|Publication number||US4346897 A|
|Application number||US 06/186,437|
|Publication date||Aug 31, 1982|
|Filing date||Sep 12, 1980|
|Priority date||Sep 12, 1980|
|Also published as||CA1164205A, CA1164205A1|
|Publication number||06186437, 186437, US 4346897 A, US 4346897A, US-A-4346897, US4346897 A, US4346897A|
|Inventors||Harry A. Sisak|
|Original Assignee||Sisak Harry A|
|Export Citation||BiBTeX, EndNote, RefMan|
|Patent Citations (5), Referenced by (20), Classifications (12)|
|External Links: USPTO, USPTO Assignment, Espacenet|
This invention relates to a board game apparatus and more particularly to a new educational game for two or more players which employs elements of both chance and skill at the level of elementary arithmetic.
In the teaching of arithmetic to children, most traditional instructional methods suffer from the inability to motivate students sufficiently so as to overcome their short attention spans. These methods are usually characterized as being repetitious and inflexible. Some examples include the memorizing of addition and multiplication tables and the performance of numerous repetitive exercises and drills.
The purpose of this invention is to ameliorate these deficiencies in an educational and competitive setting by use of a board game apparatus. Since this game requires the accurate performance of arithmetic calculations in order to win, it acts as an incentive to the players to improve their arithmetic skills. While the preferred embodiment of the game involves the symbolism and nomenclature of heraldry and playing cards, the successful outcome of the game is governed by a combination of chance and skill at the performance of elementary arithmetic operations.

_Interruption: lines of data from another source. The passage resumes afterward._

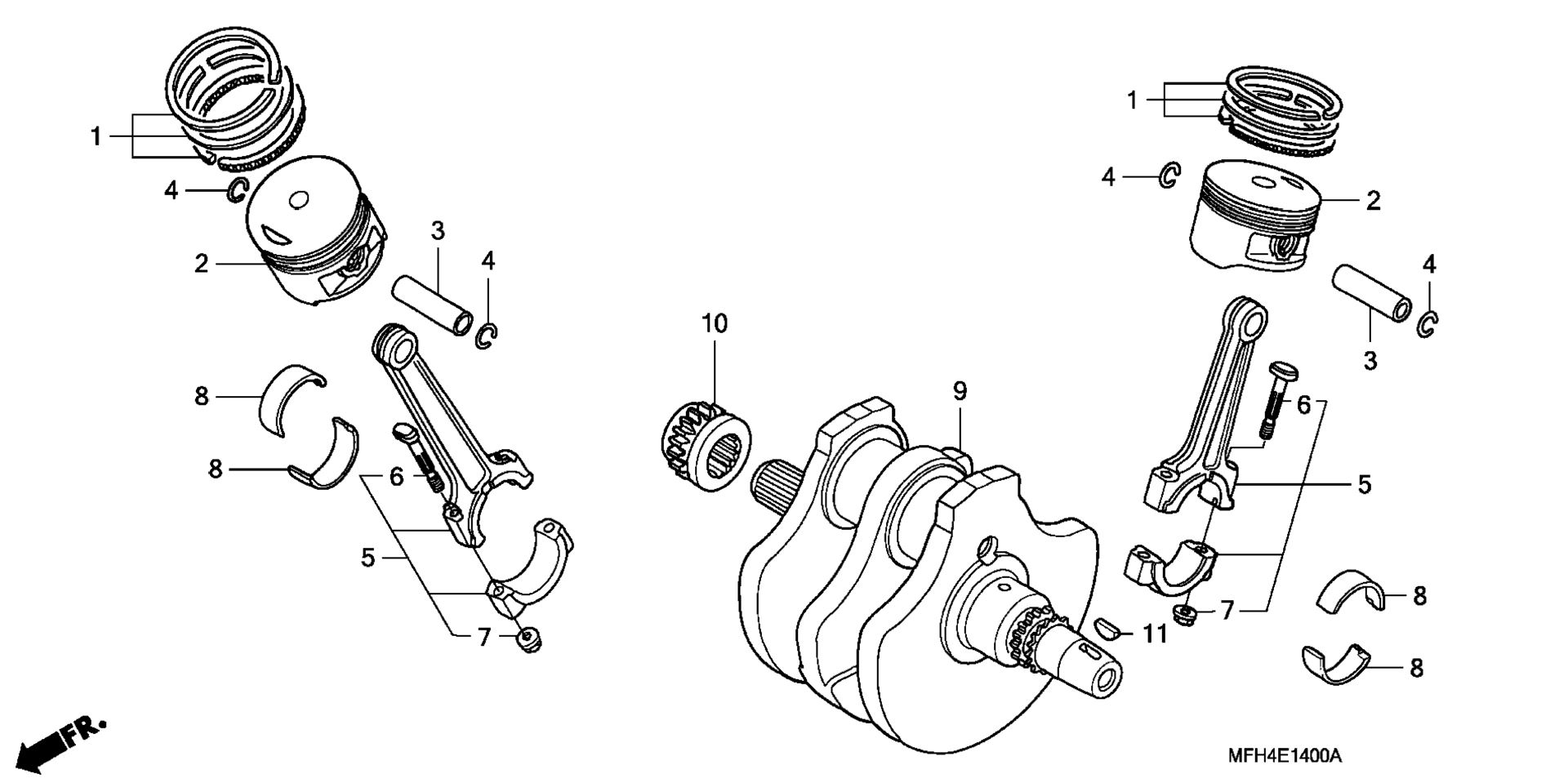 Коленчатый вал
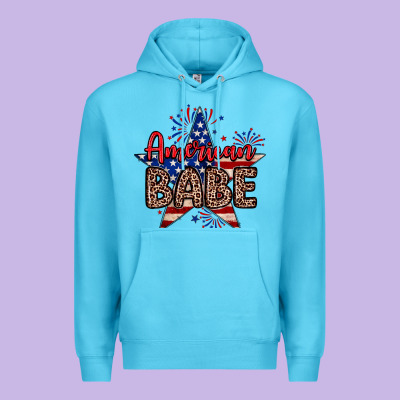 American Babe Premium Hoodie Designed By Neo Western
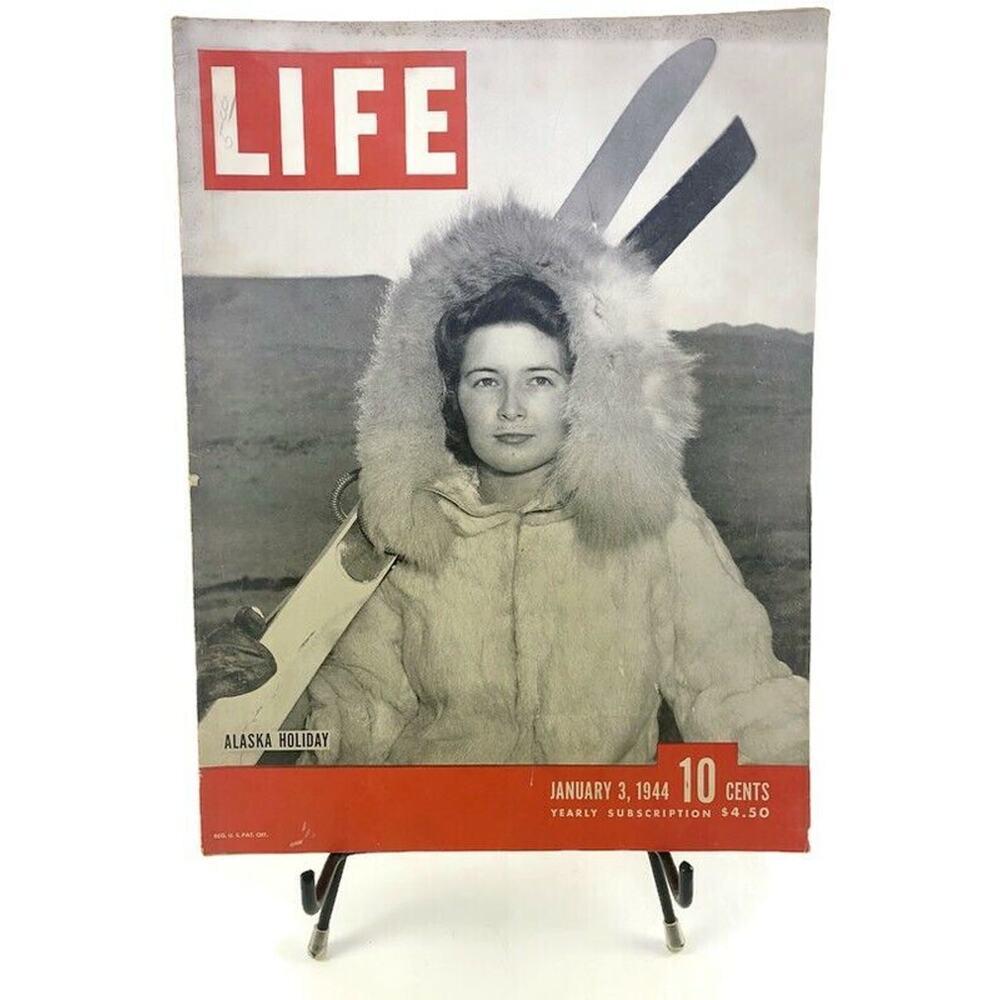 LIFE Magazine January 3 1944 Barbara Belle Brubaker Alaska Cover WWII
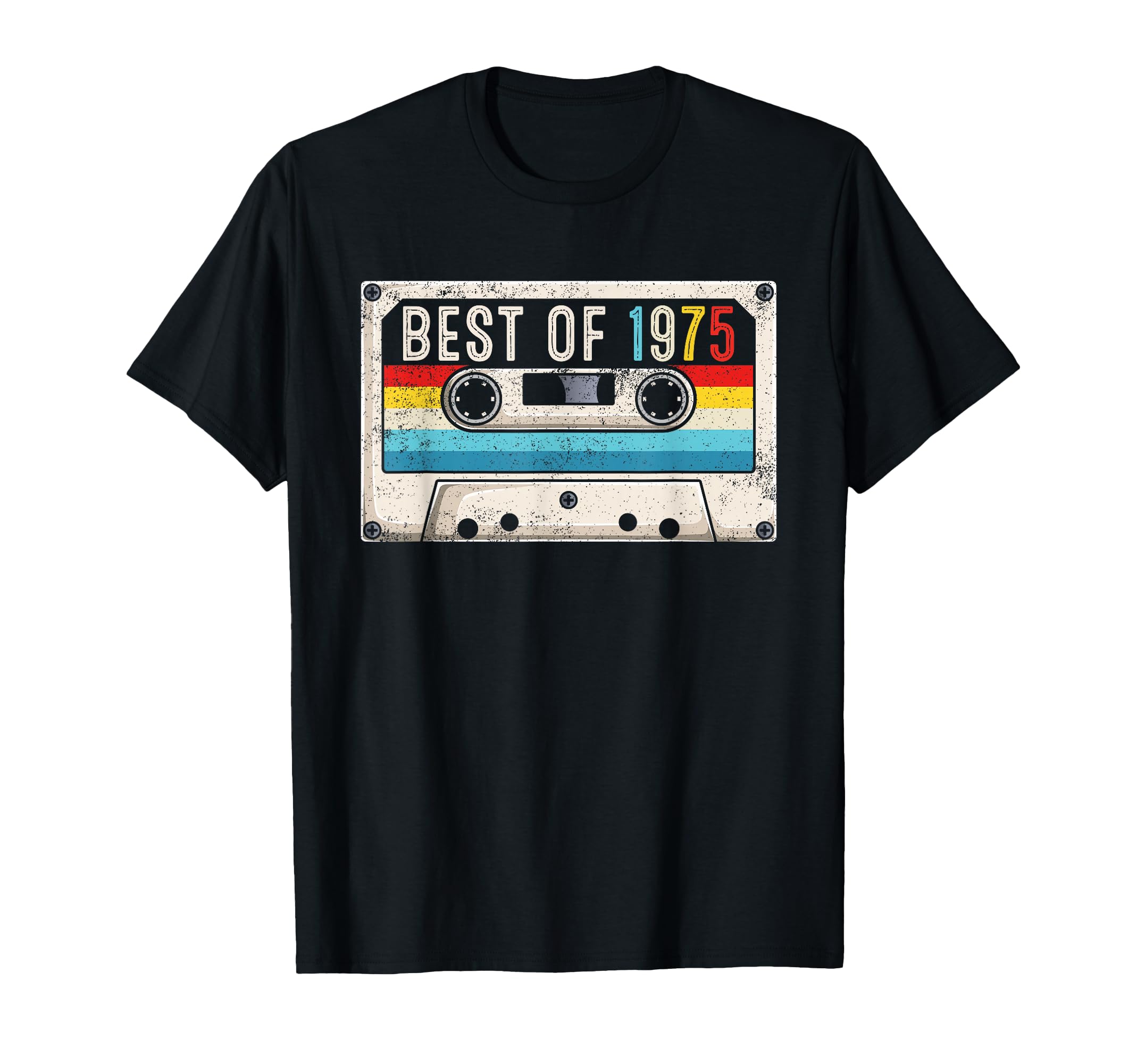 Best 1975 Birthday Cassette Tape 1975 T-Shirt - Fun Novelty Design Unisex - T-Shirt, Sweatshirt, Hoodie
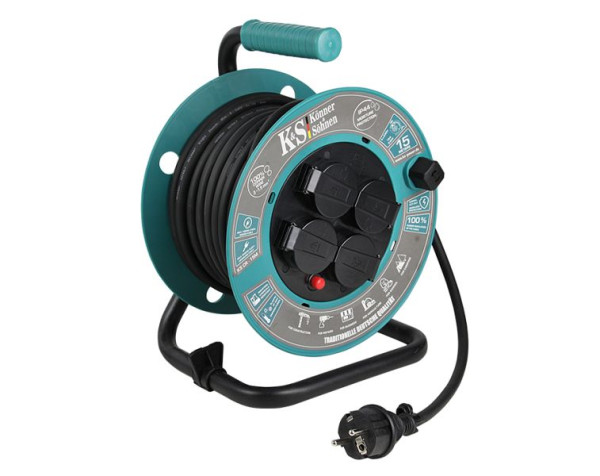 Könner & Söhnen Verlängerungskabel-Trommel, 3000 W, KS CR-15M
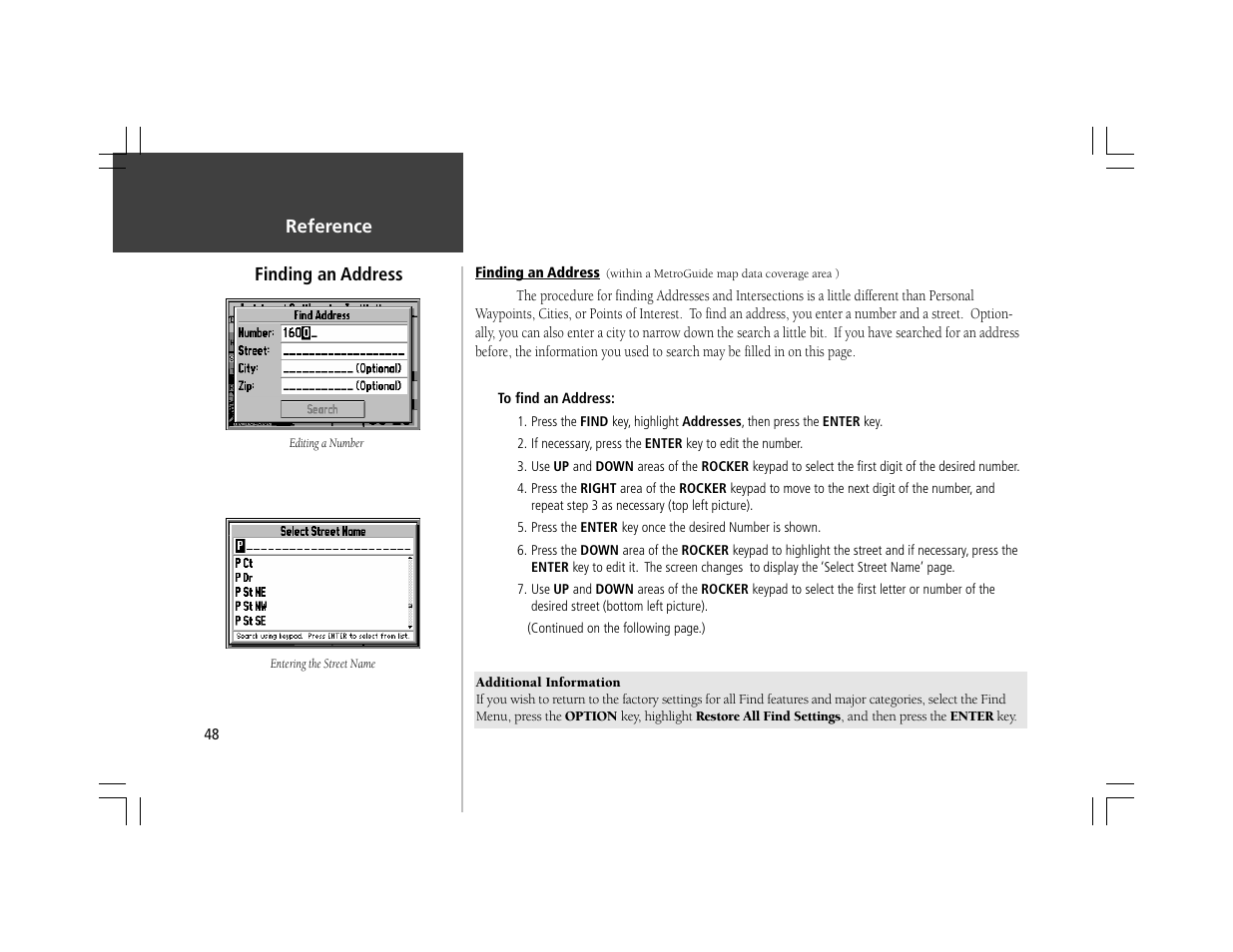 Garmin StreetPilot User Manual | Page 58 / 88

Briefly, each player of the game is assigned one side of a four sided board with numbered spaces on each side. The object of the game is for a player to be the first to place a token on every space on his side of the board. The placing of the tokens is governed by rolling special dice which may determine an arithmetic operation. This operation is to be carried out on the numerical values of a pair of cards drawn from two randomly sorted decks of cards. The player, after rolling the dice, may be required to correctly perform an indicated arithmetic operation on the numerical values of the two cards drawn, the numerical outcome of which determines the spaces on which the tokens are to be placed. There are, however, other possible outcomes in which the player will alternatively lose a turn, lose all tokens already placed and be required to start over, or in certain cases may be allowed to attempt winning or to risk losing the entire game with one roll of a special die.
A feature of the invention is that the tokens, once placed, are left fixed and not moved unless they are taken off the board completely.
The principal object of the invention is to provide an apparatus to teach arithmetic operations to children in a setting which does not tax their attention span.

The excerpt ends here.